I am proud of my decision to come to Canada. It is the first of my adult life which I can say that about. Looking back I would do it all over again. I believe it was the only correct choice I had at the time. I am proud I had the courage to follow my conscience.I am going to fight to protect the life I have started here in Canada. I love Canada and have found a certain peace in the mountains of the Kootenays that I have never before experienced in my life. I appreciate the support and understanding from all the Canadians I have met. Canada is my home and in these final days I intend to fight to maintain the legal right to remain here with the people that I love so much.I would appreciate anything that you can do to assist me in that endeavor.

Christopher John Teske
Former Specialist, US Army

Chris' friends and supporters are holding a pot-luck tonight, so they can be together when they get word that the deportation has been stayed. Local people have been very supportive, and Member of Parliament Alex Atamanenko (NDP, BC Southern Interior), a strong supporter of war resisters in Canada, has been speaking out on Chris' behalf.We'll be holding our breath all day. More later. Now please go write your letters!

Tuesday, January 13, 2009

Vietnam, Afghanistan, and GI Resistance


One of the lessons of the Vietnam antiwar movement is this: ALL forms of resistance are valid. It’s okay to advocate one or another form of resistance, as long as you understand that ALL forms of resistance WILL take place. It is a big mistake to play one form of resistance off against another form of resistance. Resisting deployment orders and/or going AWOL, for example, should not be played off against joining the military to organize soldiers against the war. Even if one chooses to re-deploy to Iraq and document the war, some good may well come from that action.

We should especially try to avoid getting too moralistic about individual choices. There is no “pure” or “correct” form of resistance. There is only resistance. Furthermore, the various forms of resistance will form the whole of a multi-faceted resistance movement.

Having said that, I too have been concerned about a culture within the GI resistance movement that says it’s fine to remain part of the war machine. Should we be telling antiwar soldiers they can resist illegal wars while following military orders? Can soldiers resist war while protecting their military careers and their prospects in civilian life? Hmmm...

Resistance generally means taking some risks and dealing with some consequences. It means going AGAINST, not going WITH. In the context of soldiers of imperialism, it generally means withdrawing their participation from, and/or acting against military missions.

What can be more powerful than a soldier saying, “NO, I will NOT participate in this illegal slaughter and oppression of entire peoples.” To roughly paraphrase Arlo Guthrie in his epic anti-draft song, Alice’s Restaurant: If one person does, it, they’ll think he’s crazy, or a coward, or a hero.
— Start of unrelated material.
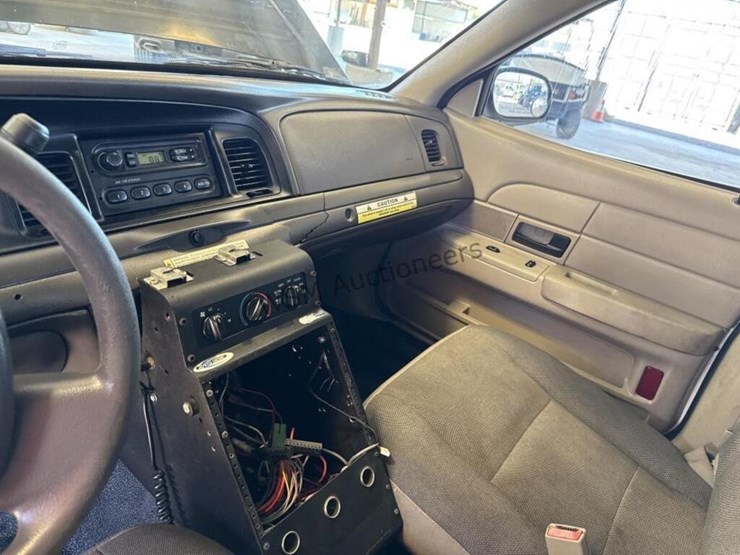 2006-ford-crown-victoria-sdn-image-18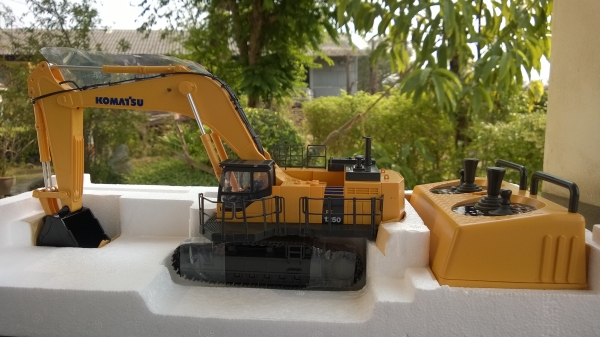 ขายแม็คโครบังคับวิทยุ Kyosho Komatsu PC1250-8 ขายแม็คโครบังคับวิทยุ Kyosho Komatsu PC1250-8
If two people do it together, they’ll think they are gay. And if three, four, five, twenty or one hundred people do it together, they’ll think it’s a movement. And that’s what it will be – a real resistance movement strong enough, along with the ferocious resistance of the Iraqis, the Afghans, and the Palestinians, to frighten the imperialists into pulling back.

The incoming administration is signaling a HUGE, LONG-TERM commitment to war and occupation in Afghanistan and the surrounding countries. This is a recipe for ongoing death and destruction on a massive scale. What would be a quicker, more effective way to pour water on this dubious mission than the public refusal of U.S. soldiers to deploy to that war? What a strategic victory that would be to build upon!

How many GIs are ready to publicly refuse to go to Afghanistan, individually or together? Maybe only a few at this point. But if they are encouraged, (de-) mobilized and supported, others will follow their example.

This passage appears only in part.